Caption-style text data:
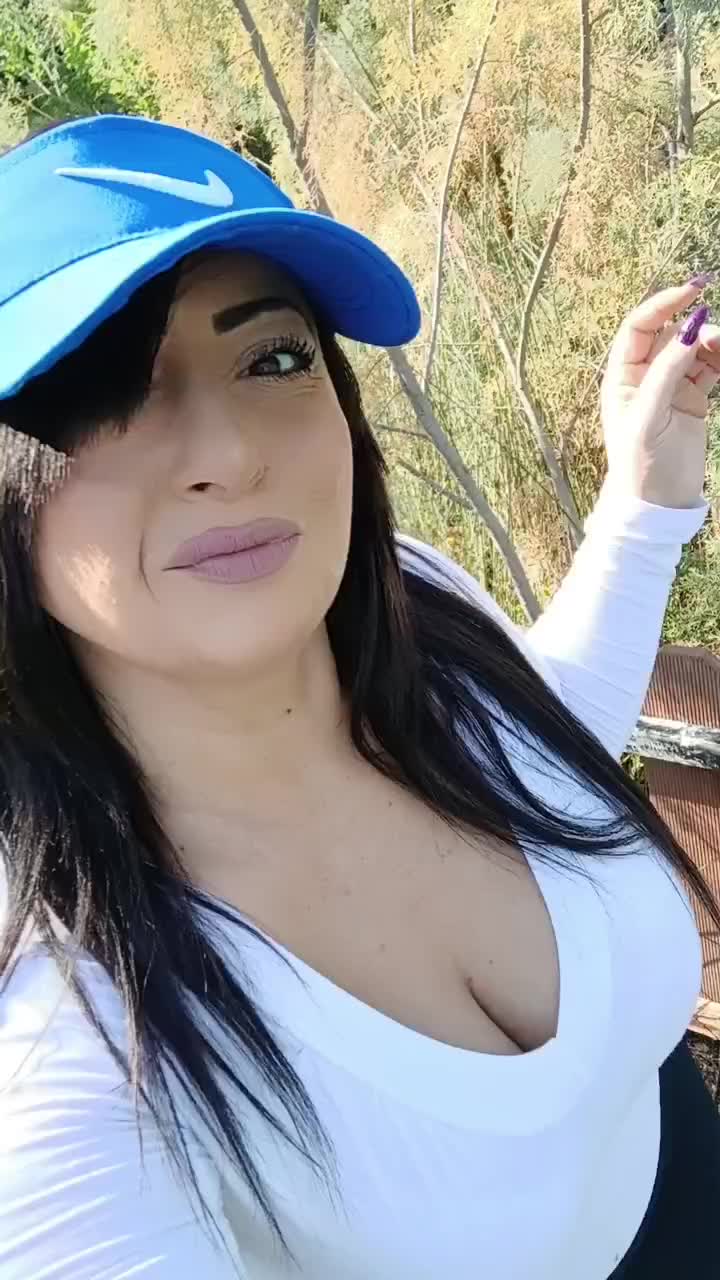 @Oksana Davidov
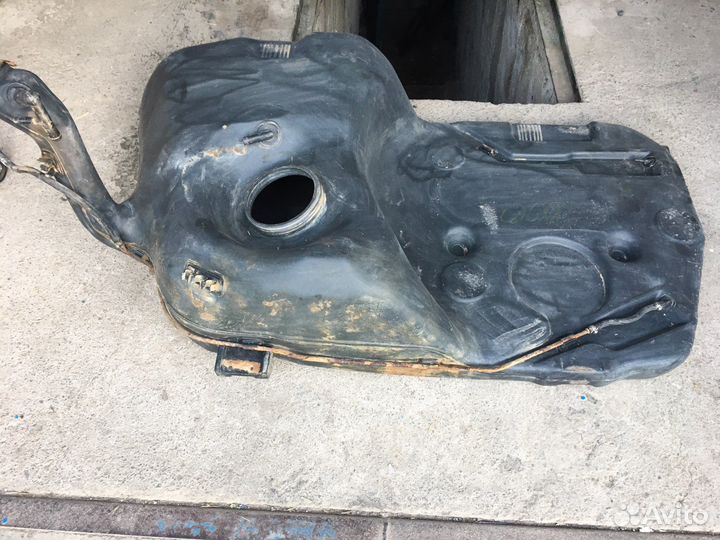 Бак на бмв Е 34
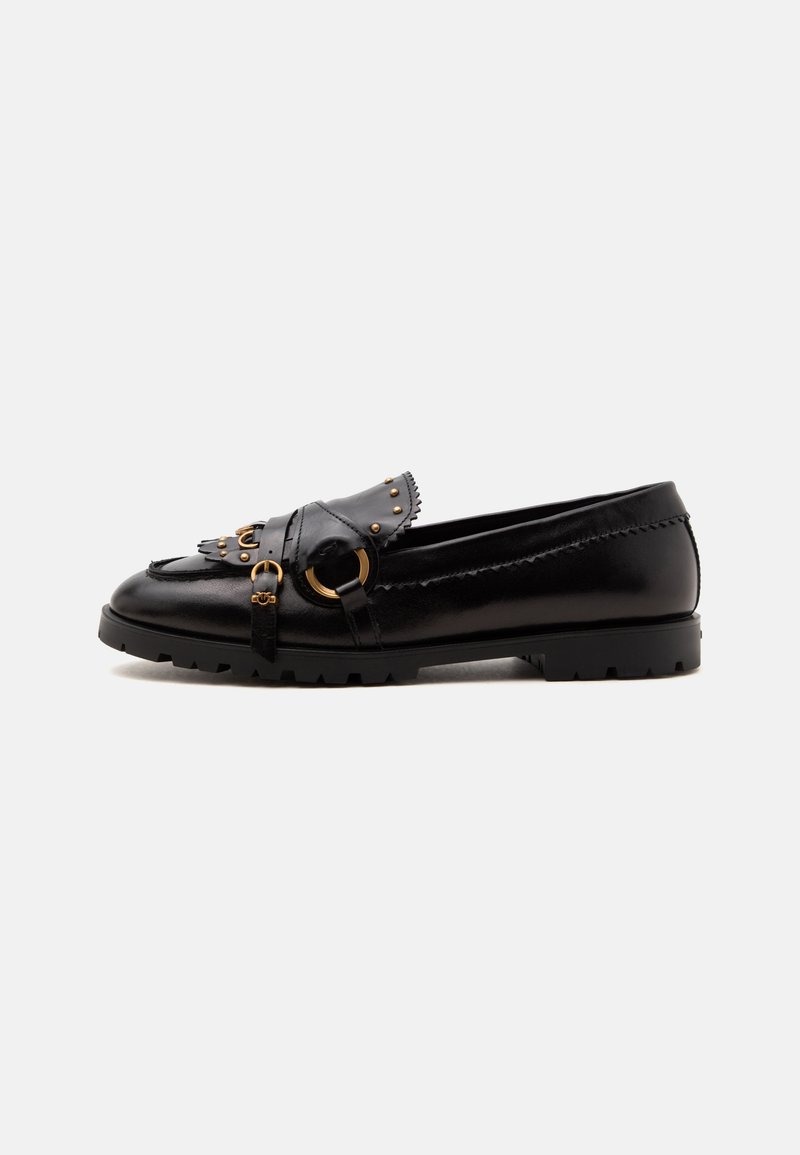 Μαύρο δερμάτινο loafers με διακοσμητικές χρυσές αγκράφες, καρφιά και διακοσμητικά κρόσσια, με χοντρή, προφυλαγμένη σόλα.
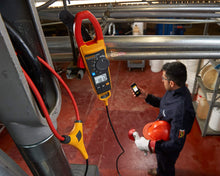 Load image into Gallery viewer, Fluke True-RMS AC/DC Clamp Meter with 18-inch iFlex for Industrial/Commercial Electricians, VFD Low Pass Filter For Accurate Measurements, Inrush Measurements, Bluetooth Connectivity for Remote Measurements (376 FC)
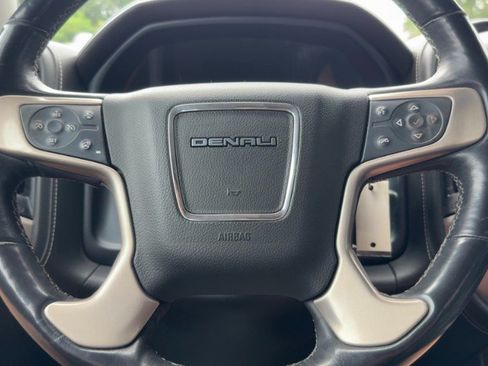Used 2017 GMC Sierra 1500 Denali w/ Denali Ultimate Package AWD/4WD image 18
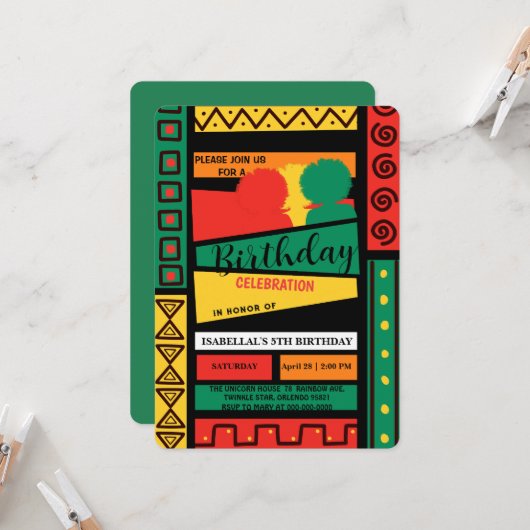 自由を祝うアフロ黒人歴史月間誕生日パーティー 招待状 (正面/裏面インサイチュ)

=== Task item ===
Return each record exactly as given, excluding any image.

=== Your solution ===
 @Oksana Davidov
 Бак на бмв Е 34
 Μαύρο δερμάτινο loafers με διακοσμητικές χρυσές αγκράφες, καρφιά και διακοσμητικά κρόσσια, με χοντρή, προφυλαγμένη σόλα.
 Load image into Gallery viewer, Fluke True-RMS AC/DC Clamp Meter with 18-inch iFlex for Industrial/Commercial Electricians, VFD Low Pass Filter For Accurate Measurements, Inrush Measurements, Bluetooth Connectivity for Remote Measurements (376 FC)
Used 2017 GMC Sierra 1500 Denali w/ Denali Ultimate Package AWD/4WD image 18
 自由を祝うアフロ黒人歴史月間誕生日パーティー 招待状 (正面/裏面インサイチュ)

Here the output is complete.